Travelers returning to home and hearth after the Christmas holiday were caught in the storm, though most people were able to sit within and chill out, the Sunday after set to 33 1/3 rpm rather than 78, the stomach satiated enough that it could rest and sufficient presents to keep children occupied and out of the SUVs where all too many seem to spend all too much time going to their numerous appointments.
I did not cozy up to a book, though other family members, good readers all, were happy to do so. I did not change into cozy socks though I received a few pairs under the tree, and I am not a hot chocolate fan. But a good microbrew, a newspaper and three pairs of already washed socks brought the purring on in my quiet moment, stolen from the fast pace of life as if I were on a fast train that had pulled into a siding.

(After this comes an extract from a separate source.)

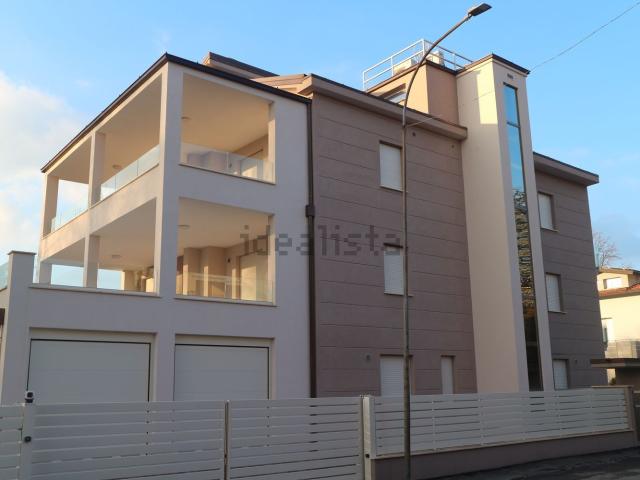 Appartamento in vendita di 125 m² in Via Eugenio Curiel, 8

There I remained for a good part of the day, happy that the hands of the clock did not move so fast, happy that I barely looked at the time. I sought no complication, did not push my brain to rack over political mistakes in my beloved country. I just put my being on autopilot and perused – did not study – the paper. The beer was not swished but sipped, and my three pairs of socks, regulation uniform on a cold day, constantly telegraphed that they were keeping my feet warm. Reassurance of blessed simplicity
What more could I want in my quiet? Not a thing, except perhaps that it last a bit longer.